Giving people the benefit of the doubt, allowing for differences in
temperament and personality, amateur psychoanalyzing trying to understand a
person, compassion... these are all things normal healthy people do, in the
interests of co-operation - which psychopaths consciously take advantage of.
And overlooking things because person X is effective at their job... it is the
same sort of pragmatism that underlies the legal system - e.g. you may be
entirely in the right and the other person in the wrong, but the legal system
only cares about money and really, which one has more - and more lawyers.
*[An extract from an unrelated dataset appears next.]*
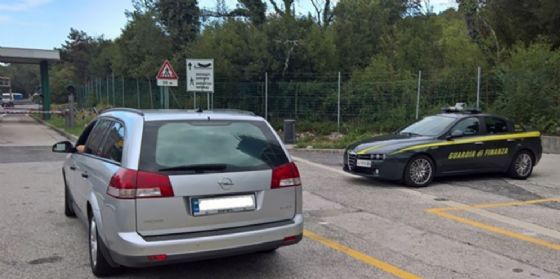 Gorizia, sequestrate 82 auto di lusso nell'ambito dell'operazione 'Ghost Cars' (© ANSA) Gorizia, sequestrate 82 auto di lusso nell'ambito dell'operazione 'Ghost Cars' (© ANSA)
At
some point, the rational person decides this is stupid and a waste of time and
not worth it to their personal life, especially when society, as complex as it
is now, isn't going to care that much about a bad actor unless they are very
very notable.

E.g. Bill Cosby still has his supporters and Jimmy Saville got away with all
sorts of stuff for years while others consciously looked away - because the
cost of standing up and fighting the Establishment wouldn't have been worth
it. It's groupthink, plain and simple, and a lot of people can't jump that
hurdle.

Eventually, you realise how fundamentally corrupt humanity can be, and become
more conservative (re: that quote). But ... if you have integrity, you have to
realise why "conservatives" value hypocrisy so much because it is the
foundation of power, and then you begin to see the real Truth about the world.

------
tptacek
I don't even know what there would be to discuss with this story. It seems
like the only possible outcome of it is a lot of personalized Internet drama.
If there's an important story here, someone will eventually write it, and
maybe that will have a place on HN. But this one-line page isn't that, and I
flagged this story, and hope others do too.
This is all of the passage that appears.